Consider using a hypermedia format

Question

Consider using a hypermedia format

besquared opened this issue 11 years ago · comments

Have you guys considered using something like HAL or JSON-API instead of a bespoke JSON response? I think you're only getting part of REST without something like this.

Sebastien Ballesteros · Answer 1 · Mon Dec 23 2013 21:41:36 GMT+0800 (China Standard Time)

Yes definitely. We were thinking of using Hydra as we already use JSON-LD but this is still open to discussion.

Josh Ferguson · Answer 2 · Wed Dec 25 2013 12:26:42 GMT+0800 (China Standard Time)
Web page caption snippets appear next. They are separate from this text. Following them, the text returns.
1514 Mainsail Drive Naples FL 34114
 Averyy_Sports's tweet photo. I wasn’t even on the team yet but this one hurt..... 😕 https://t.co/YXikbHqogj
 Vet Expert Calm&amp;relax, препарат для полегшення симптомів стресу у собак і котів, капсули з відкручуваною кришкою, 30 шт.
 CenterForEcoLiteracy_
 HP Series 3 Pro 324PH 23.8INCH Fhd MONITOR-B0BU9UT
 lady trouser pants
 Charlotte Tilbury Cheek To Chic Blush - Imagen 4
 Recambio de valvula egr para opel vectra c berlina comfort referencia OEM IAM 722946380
I don't know that much about JSON-LD or Hydra TBH. They seems pretty verbose but I'm sure they're more complete than the simpler non-rdf related formats. I suspect without more information I can't really say either way. TIME TO GO LEARN.

Sebastien Ballesteros · Answer 3 · Fri Jan 03 2014 11:07:48 GMT+0800 (China Standard Time)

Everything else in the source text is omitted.